Следующий день был воскресный. Вознеся усердные молитвы Всевышнему, Димитрий, несмотря на страшное утомление и слабость, стал объезжать войска и горячо благодарить их за славную победу. Потом он отправился осматривать поле битвы. Зрелище было потрясающее. При виде множества убитых славных защитников Родины великий князь залился слезами. Одних князей было убито 15 человек. Кроме Пересвета, погиб и славный инок Ослябя, а также лихой разведчик Семен Мелик и много других бояр.
Восемь дней оставались русские близ места ужасного побоища, предавая погребению своих братий. Когда сосчитали оставшихся в живых, то их было только 40 тысяч человек. Такой дорогой ценой была куплена Куликовская победа!

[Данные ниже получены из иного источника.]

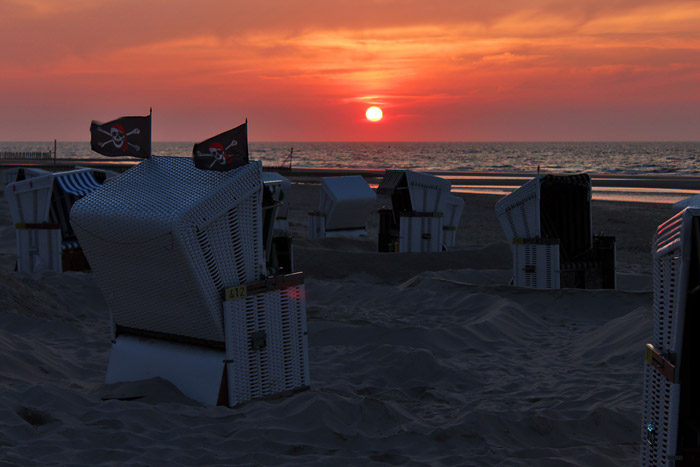 Westfeld am Abend
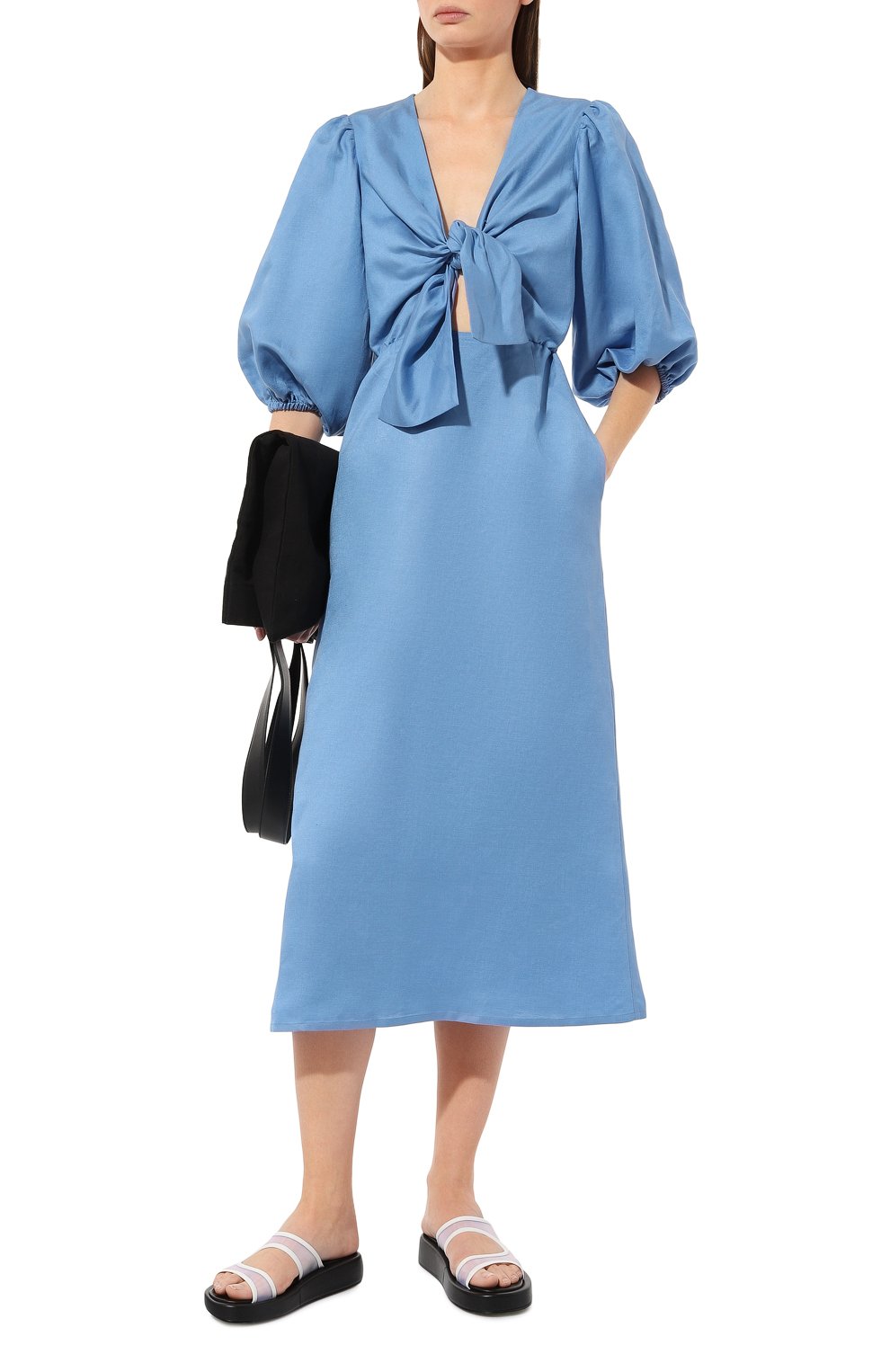 Платье изо льна и вискозы OLOLOL, арт. OLD169/9122.905/S23, фото 2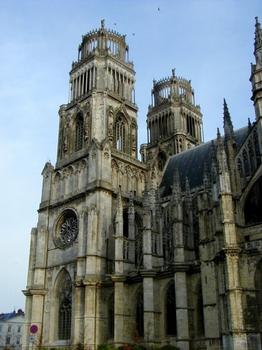 Cathédrale Sainte-Croix d'Orléans.Massif occidental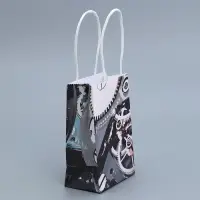 Пакет подарочный крафтовый, упаковка, Present, 15 х 10 х 6 см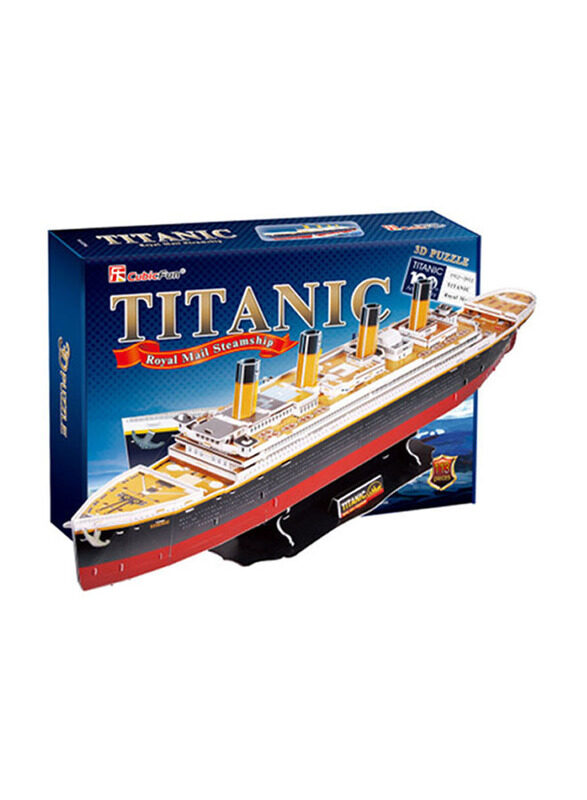 

Cubic Fun 113-Piece Titanic Big 3D Puzzle, Ages 6+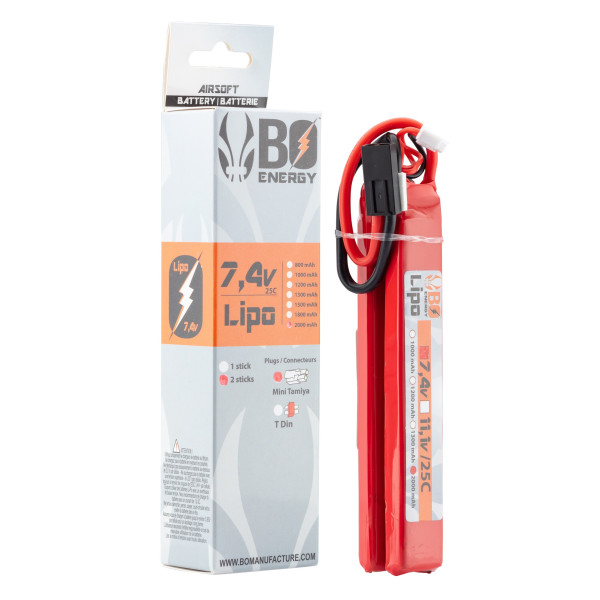 2 sticks batterie Lipo 2S 7.4V 2000mAh 25C — vue 5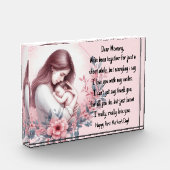 De eerste Moederdag-letter van een baby Fotoblokken (Links)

Значение ее, конечно, было громадно во всех отношениях. Это было несомненное торжество Руси над всей татарской ордой; мало того, это было вместе с тем и торжество Европы над Азией. Русский народ, волею Всевышнего поставленный в сторожах всех европейских народов для защиты их от вторжения азиатских полчищ, блистательно выполнил на Куликовом поле свое великое назначение. Если же мы припомним, что с одной стороны участвовали все несметные силы Мамая, а с другой – население только трех или четырех губерний нынешней Европейской России, то мы должны еще более проникнуться благоговейным уважением перед великим подвигом доблестных наших предков и пред изумительными дарованиями Димитрия Иоанновича, получившего от благодарного русского народа за Куликовскую победу наименование Донской.